Pkg.add(["DifferentialEquations", "Measurements"])

using Measurements, DifferentialEquations

The first thing to do is to set the parameters of the environment and the pendulum itself.

g = 9.81 ± 0.01; # Гравитационная постоянная 
L = 1.00 ± 0.02; # Длина подвеса маятника

The tolerance symbol ± can be entered via the LaTeX command on the command line: \pm. After pressing tab, you will get a symbol that can be used in calculations and is interpreted within some libraries, in particular Measurements.

The role of the Measurements library is to handle spreads (tolerances) correctly. For example, so that subtracting a measurement from itself does not double the error spread.

x = 1 ± 0.01;
x - x

$0.0 \pm 0.0$

In this respect, addition and subtraction do not work in the same way.

x + x

$2.0 \pm 0.02$

Statement of the problem of solving a differential equation

In this example, we implement a simplified model of a mathematical pendulum:

$$\ddot \theta = -\frac{g}{L} \theta$$

where $g$ is the gravitational constant, $L$ is the length of the pendulum, $\theta$ is the angle of deflection of the pendulum in radians. We use the approximation of small angles $\theta \approx 0$, so it is assumed that $sin(\theta) \approx \theta$.

Let us set the initial velocity and angle of deflection, as well as the time limits of the simulation.

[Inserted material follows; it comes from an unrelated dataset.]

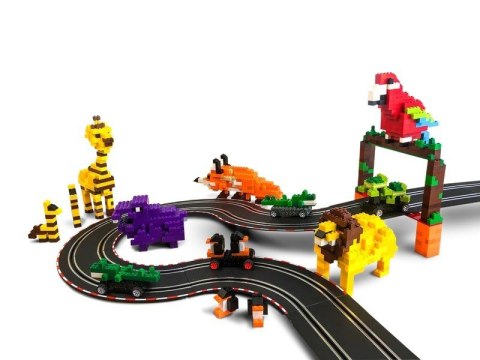 Tor wyścigowy GO!!! Build n Race Racing Set 3,6m Carrera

u₀ = [0 ± 0.0, π/6 ± 0.01]
tspan = (0.0, 6.3)

(0.0, 6.3)

Zero in lower case can be entered as a LaTeX command on the command line: \_0 and press the tab key. After the conversion, you get a new character that can be copied to the clipboard and used in variable names.

Let's set the equations of the swinging pendulum.

function pendulum( u, p, t )
    θ = u[1]
    dθ = u[2]
    du = [dθ, (-g/L) * θ]
    return du
end

pendulum (generic function with 1 method)

Each vector consists of two values. The state vector u consists of the value of the pendulum's deflection θ and its velocity dθ. In turn, the vector of derivatives includes the velocity of the pendulum dθ and the force that acts on the weight.

Formation of the computational task and start

prob = ODEProblem( pendulum, u₀, tspan )

ODEProblem with uType Vector{Measurement{Float64}} and tType Float64. In-place: false
timespan: (0.0, 6.3)
u0: 2-element Vector{Measurement{Float64}}:
   0.0 ± 0.0
 0.524 ± 0.01

We see that the argument u of this function has the type Measurement, the argument t has the type Float64, and they work well together. Now let's run the simulation.

sol = solve( prob, Tsit5(), reltol=1e-6 );

plot( sol.t, first.(sol.u), label="положение" )
plot!( sol.t, last.(sol.u), label="скорость" )

As we can see, the function plot automatically sets confidence bounds, essentially augmenting the graphs with the argument yerr.

Analytical solution

The first practical application of this approach may be to compare the error of the numerical and analytical solutions to this problem.

u = u₀[2] .* cos.( sqrt( g/L ) .* sol.t );

plot( sol.t, last.(sol.u), label="Численным методом" )
plot!( sol.t, u, label="Аналитическим", title="Сравнение решений задачи моделирования маятника" )

We see almost no difference either in the function values or in the scatter around each point of both solutions.

Remarks

At the time of publication, the help text for this library was not yet included in the Engee documentation, so here is a link to the developers' page: https://github.com/JuliaPhysics/Measurements.jl (which can be translated by the browser's inbuilt tools for the first time).

Features of DifferentialEquations with the Measurements package

We have implemented the function pendulum(u, p, t), which uses return. The DifferentialEquations package can also implement the function in-place, whose call method will look like pendulum(du, u, p, t), but because we do not directly control the variable type du, the propagation of the data type Measurement is interrupted and this variant of the pendulum description will not work. So we use return.

Features of Plots with the Measurements package

As you can see, the output of the first of our two plots is also divided into two commands. The function plot, although it accepts as input data of type Measurement, has no specific recipe for working with several vectors of such data. We cannot successfully call plot( sol.t, sol.u ), a type conversion error occurs.

Conclusion

We have successfully found a numerical solution to the differential equation and derived a tolerance plot for a mathematical pendulum modelling problem whose input values are given as numbers with tolerances in accuracy.